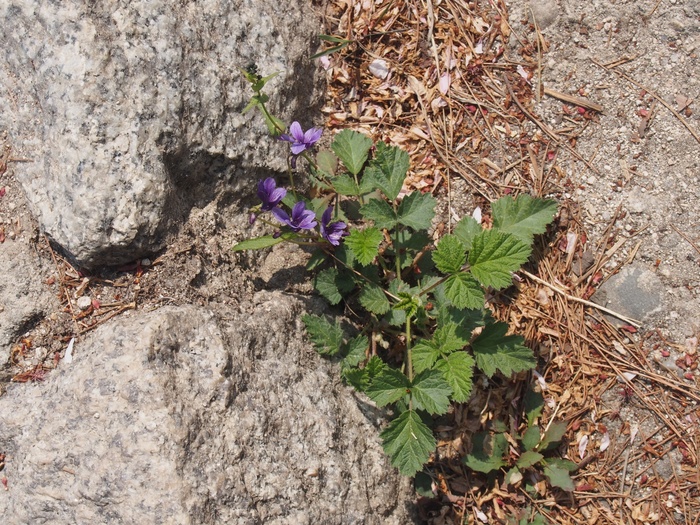 2013 5月 ソウル(8) ソウルの花_f0062122_832961.jpg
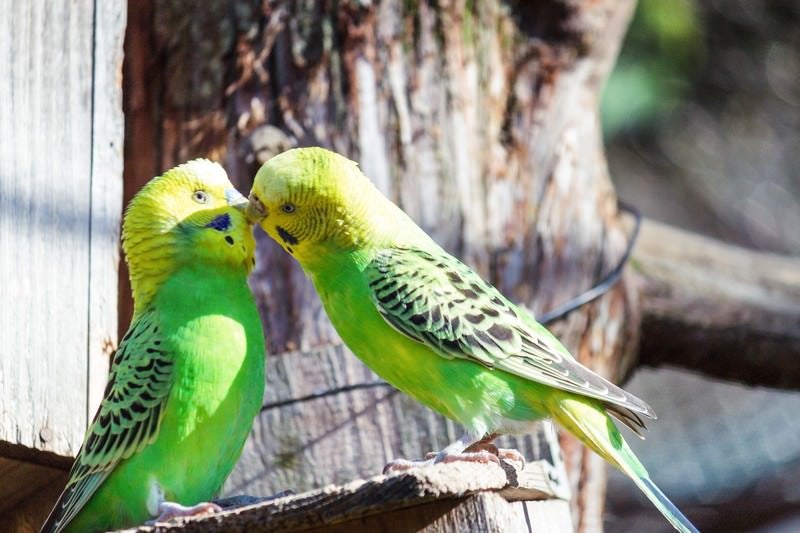 友だちだと思っていた彼に突然、唇を奪われたインコの写真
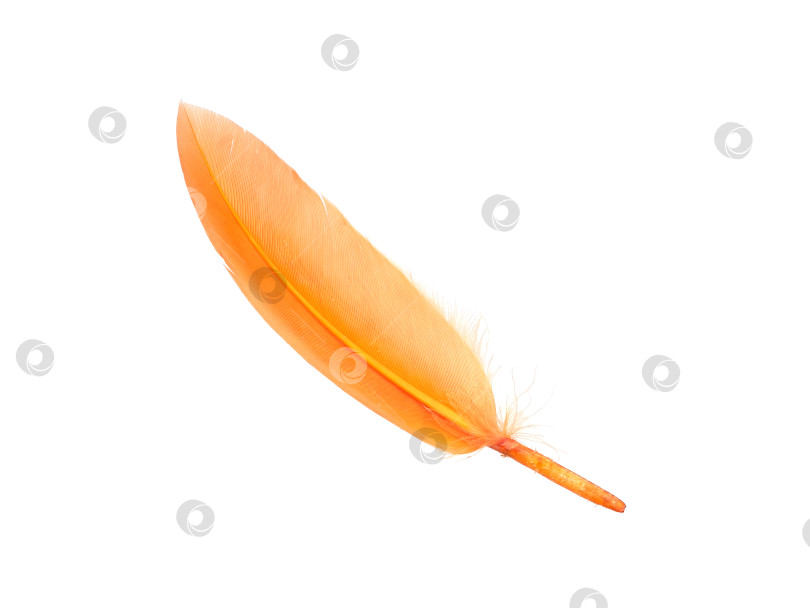 Скачать Желтое птичье перо, выделенное на белом фоне фотосток Ozero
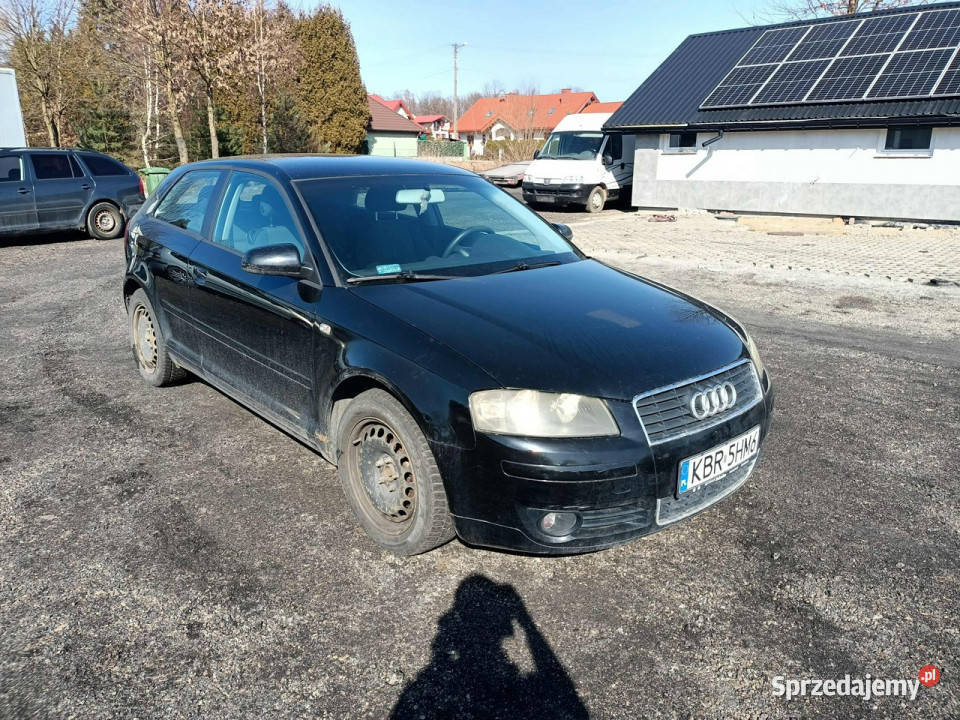 Audi A3 3drzwiowe Audi A3 19TDI 105 04r 8P Tarnów sprzedam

• **Exercise brief**
Give the data again word for word, without images.

• **Written solution**
 2013 5月 ソウル(8) ソウルの花_f0062122_832961.jpg
 友だちだと思っていた彼に突然、唇を奪われたインコの写真
 Скачать Желтое птичье перо, выделенное на белом фоне фотосток Ozero
 Audi A3 3drzwiowe Audi A3 19TDI 105 04r 8P Tarnów sprzedam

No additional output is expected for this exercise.